Client Alert | 2 min read | 09.27.13

The FTC announced on September 27 that after a unanimous vote, the Commissioners have decided to launch a study of patent assertion entities (PAEs) and their effect on innovation and competition. The agency has long indicated interest in this issue. The study, which will be conducted pursuant to Section 6(b) of the FTC Act, will allow the FTC to issue compulsory process orders to gather information from PAEs, as well as from other companies that operate in the wireless communications sector.

PAEs have lately garnered scrutiny from the Obama Administration, Congress, and private litigants, as described in more depth here. Their effect on competition and innovation is, however, difficult to measure, because details about licensing transactions are often confidential. But the Commission has the authority to collect non-public information, such as licensing agreements and cost and revenue data. As a result, the study is expected to generate a much richer set of data from which the Commission will be able to draw conclusions. According to the Commission's announcement, the study will target specific issues, including (1) the corporate structure of PAEs; (2) the type of patents held by PAEs; (3) the licensing and litigation conduct of PAEs; and (4) the operating costs and revenues of PAEs.

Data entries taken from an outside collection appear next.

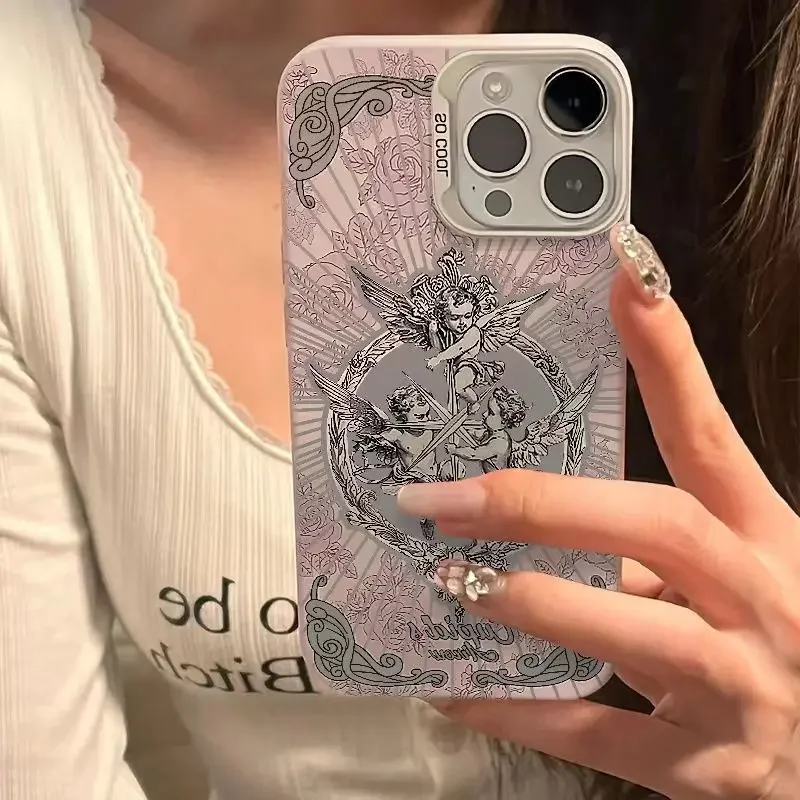 Luxury Retro Cupid Angel Phone Case For Xiaomi Redmi Note 7 8 9S 10 10S 11 12 13 Pro Plus 4G 5G Feather Texture Hard Cover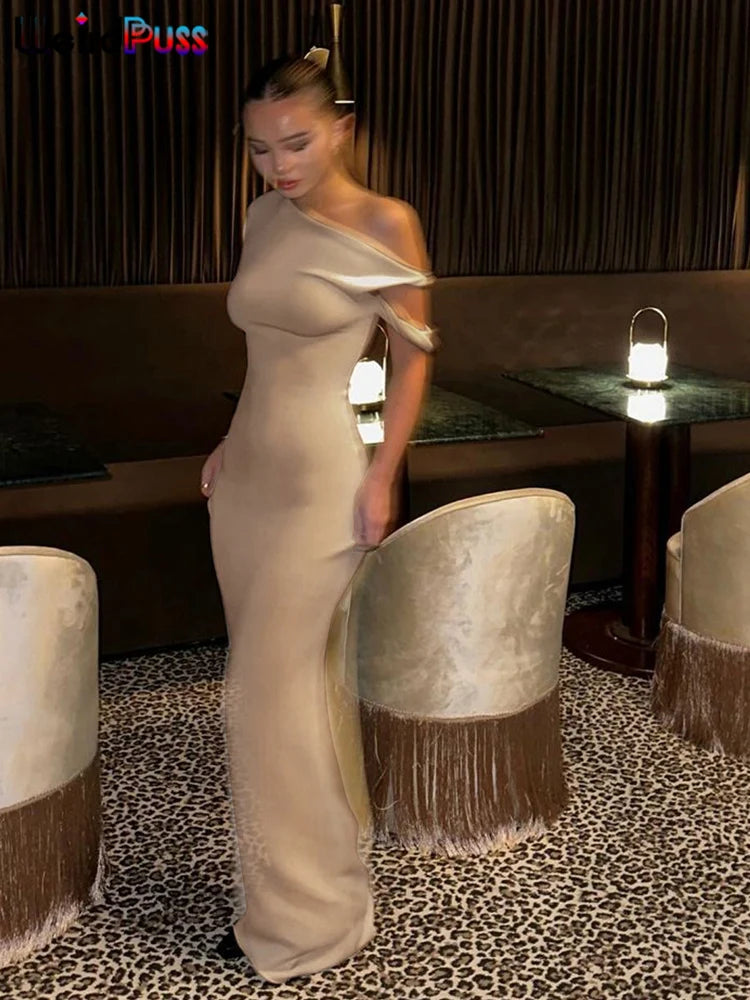 Weird Puss Bandage Dress Woman Summer Sexy Irregular Solid Sheath Chic Stretch Body-Shape Smooth Birthday Party Elegant Bodycon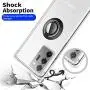 ANSIWEE Galaxy Note 20 Ultra 6.9 Inch Case, Metal Ring Kickstand Work with Magnetic Car Mount Cover Reinforced Drop Protector Bumper Clear Hard Back Cases for Samsung Galaxy Note 20 Ultra (Clear)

While the Commission has emphasized on various occasions that it has not yet drawn any conclusions about whether PAEs have a negative effect on competition and innovation, a 6(b) study has the potential to result in enforcement actions in the future. For example, the Commission's position against reverse payment settlements in the pharmaceutical industry was solidified after it conducted a 6(b) study on that subject from 2000 through 2002.

The FTC has issued a public call for comments on proposed information requests to PAEs, and it will accept such comments for 60 days, at this address. Upon expiration of the comment period, the FTC will seek clearance from the Office of Management and Budget to commence issuing compulsory process orders.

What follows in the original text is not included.